Tuesday, March 29, 2016

Quezon's Specialties at Kamayan sa Palaisdaan in Tayabas

Kamayan sa Palaisdaan has been an institution in the Quezon food scene for almost twenty years. 
For someone who by virtue of affinity has roots in that province,  I am rather embarrassed to say
that I had never eaten there -- at least until last week.  

It was quite a surprise to walk in and see the restaurant's distinctive attractions --  dozens of native bamboo huts floating on top of an expansive  fish pond.   The water was green and a bit murky but there was no unpleasant  smell at all.   There are numerous trees and shrubbery which help bring in a few breezes, most welcome on this very warm day.

There are more than fifty huts laid out all over the property,  each with a long table and benches that can accommodate up to twelve diners.   Because it was a weekday,  there were lots of unoccupied huts but I was told that people have had to wait for almost an hour  during peak times on week-ends.

While you will see a few tilapia and some koi swimming in the pond,  those meant for the table are segregated off to one side, ready to be scooped and cooked and served.

Here is Jay and our friend Ross (also from Lucena) waiting for lunch in our bamboo kubo (hut).  For a place that is so popular and has been around for so long,  I was impressed that the huts were well maintained and kept very clean.  

Lunchtime!  Even on a slow week-day, it took a while for the food to be served.
I like to think that's because everything is cooked to order and nothing is heated and re-heated
in the microwave.
We all wanted to eat very local and traditional Tayabasin dishes so for starters,
we ordered a salad of pako or fiddlehead ferns with itlog na maalat or salted duck eggs, onions and tomatoes.  The salad was refreshing and went well with a cold bottle of San Mig light.  

Palaisdaan's specialty is fish and sea food -- we definitely wanted  the tilapia,  swimming
placidly all around us.  How much more fresh could our meal be?
The tilapia would be caught, cleaned, cooked and served to us within minutes.
Ross ordered a typical Quezon dish -- sinugno.  This is tilapia cooked in gata or fresh coconut cream with mustasa or mustard leaves.  A very tasty and creamy dish,  the coconut cream sauce was perfect, spooned over plain hot rice.
The sharp, slightly bitter bite of the mustasa leaves kept the dish from being too rich.  
I think the mustasa must be grown somewhere on the property because they tasted like they had just been picked a few minutes ago.

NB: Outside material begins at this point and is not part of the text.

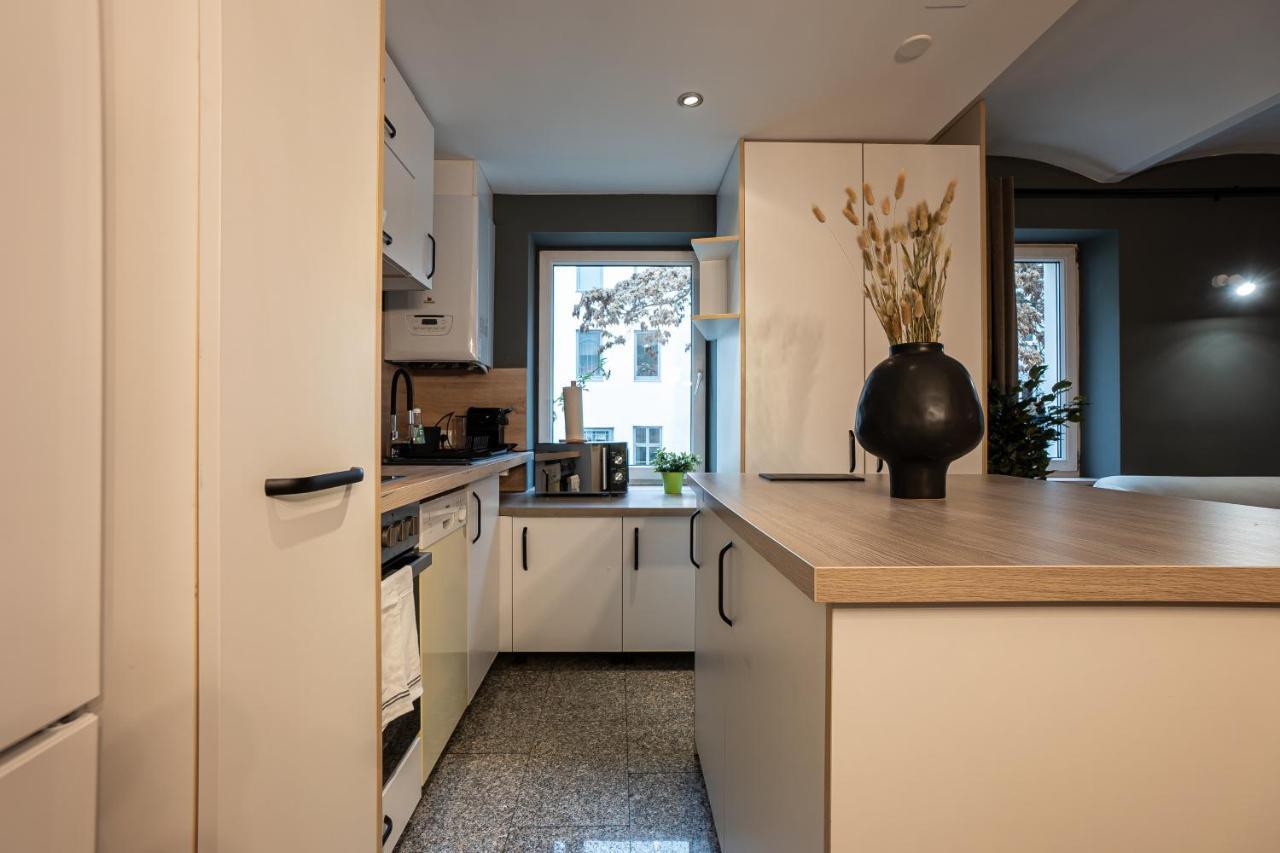 וינה Brand-New Double Bedroom Apartment מראה חיצוני תמונה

In Quezon where the key agricultural product is coconut, one staple ingredient is gata or
fresh coconut cream.  For someone who comes from Quezon, Jay strangely is not too fond of gata and thus opted for a more simple dish.
Pinaputok na tilapia  is tilapia that is slit, stuffed with onions and tomatoes, wrapped in banana leaves and charcoal grilled.  It's a simple way to enjoy the pure sweet freshness of the fish.

All these healthy dishes make for an unbalanced meal so porkintheroad had to bring in some of the good pig stuff.  I ordered inihaw or grilled pork chops which must have been marinated in some form of barbecue sauce, hence the faint reddish tinge.   While I would have preferred a more simple marinade or rub of just garlic and salt, the chops were tender and well cooked.

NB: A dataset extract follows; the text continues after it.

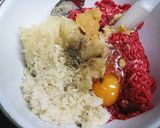 A picture of step 4 of Tender Enoki Hamburger Steaks Stuffed with Cheese.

The food lived up to my expectations -- but it was this local delicacy that just blew me away.
This smiling young vendor is not an employee of the restaurant but he gets to peddle his bilao (basket) of native kakanin (rice cakes).  Regulars at Palaisdaan wait for him to come around their huts with his signature kakanin -- pilipit made with kalabasa and malagkit.

Pilipit is normally made with malagkit na bigas or glutinous rice.  This version of  pilipit incorporated grated kalabasa or squash which gave it a yellow-orange tint and more importantly, made it even more maligat (chewy) and oh so very delicious.
While it usually comes in a twisted shape (hence the name pilipit),  this variety sold at Palaisdaan looks like a compact doughnut, complete with the hole.
After frying, the pilipit is liberally dipped in what tastes like a coconut based caramel sauce.  Think of coconut jam and molasses getting married and you have an idea of just how ambrosial this topping is.  

Thank you Ross for suggesting Kamayan sa Palaisdaan for our lunch date.  I enjoyed the
typical Quezon dishes in the middle of a  charming, bucolic setting.  And I specially relished the unique and scrumptious pilipit!
I made sure to buy a dozen of these addictive little snacks to bring back to Jay's home in
Lucena.  We enjoyed it again for dessert that evening.

Full disclosure -- I skipped dinner but had three pieces of pilipit!

NB There are two Palaisdaan Restaurants along the road between Tayabas and Lucban.  Kamayan sa Palaisdaan is on the left side if you are coming from Lucena.